It’s that time of year that America worships: football time. I’m a mildly attractive, mostly straight woman, and here are the NFL mascots I think I’d have a shot with.
1. sir purr – carolina panthers
Sir Purr would definitely take me to a disco and we’d dance to Prince and Donna Summer. He seems a little too smooth though, I might feel like he was dating me for a prank. Also, I’m allergic to cats.
2. ROWDY – DALLAS COWBOYS
Rowdy looks like he takes the term “don’t mess with Texas” seriously, which scares me but is also kind of hot. He’s an average looking guy but definitely open carries, which does knock him a few pegs down in the dating scene because, well, yikes. Anyway, I think he would call me to see you next Tuesday but like, in a fun way.
3. KC WOLF – KANSAS CITY CHIEFS
I must have seen KC on bumble already, because he looks like your average male COM student. He would make me think he’s not like other guys and then gaslight me. I still could probably attract him at a house party in Allston and maybe he’d even buy me a vegan hot dog.
4. VIKTOR – MINNESOTA VIKINGS
Now I know why Lizzo was singing about the Minnesota Vikings! As a fellow large and in charge woman, I think I’m probably Viktor’s type. In Minnesota it’s cold, and I’m sure those long luscious braids would warm me right up.
5. BOLT MAN – LOS ANGELES CHARGERS
Ok so honestly… Bolt Man terrifies me. But in 2021, I told myself I’d be more adventurous. I think he would see me trying (and not succeeding) to surf in Los Angeles and would be charmed by my “not like other girls” manic pixie dream girl aesthetic. He does have big Joseph Gordon-Levitt in 500 Days of Summer vibes tbh.
6. CAPTAIN FEAR – TAMPA BAY BUCCANEERS
Ok I know he’s the star of the show on Sunday, but if I was in the audience I’m SURE we’d lock eyes and he’d take me to Red Lobster. I’m not a big seafood girl but I would make an exception for this blue-eyed beauty.

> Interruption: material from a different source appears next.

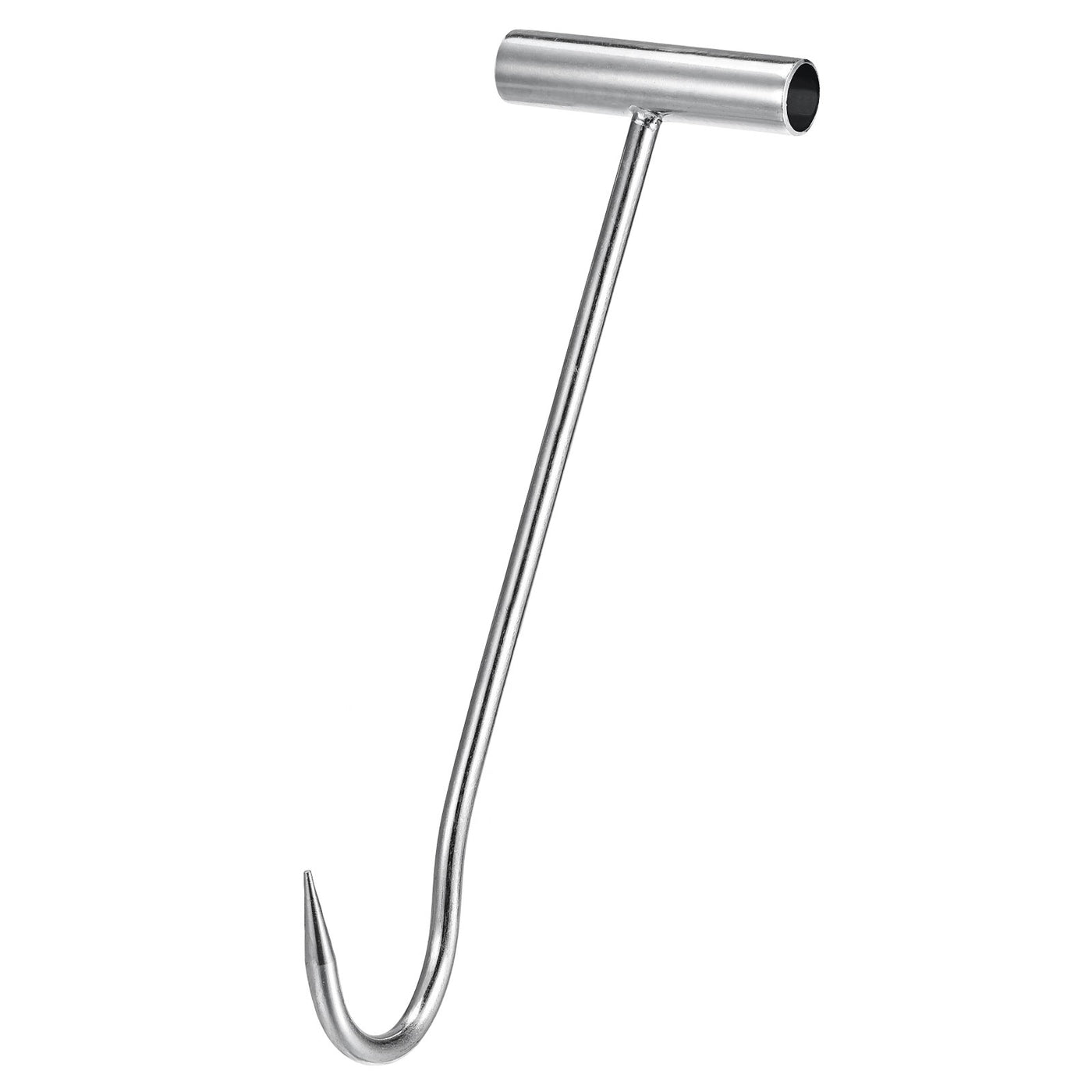 uxcell Uxcell 12"(300mm) T-Handle Meat Boning Hook, Galvanized Curved T Hooks for Kitchen Butcher Shop Restaurant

7. SWOOP – PHILADELPHIA EAGLES
Swoop and I are both Philadelphia scum, attracting him to me instantly. We would talk about where to get the best cheesesteaks and crack jokes from It’s Always Sunny In Philadelphia, and with my bruh girl charm, he’d be mine instantly.
8. BIG REG – ARIZONA CARDINALS
Big Red is a ginger, which is an automatic advantage for me, since not many other girls like that. Lucky for him, I had a Joe Kennedy phase freshman year, so I’m into it. Also, I think I would look really hot in his jersey, red’s my color.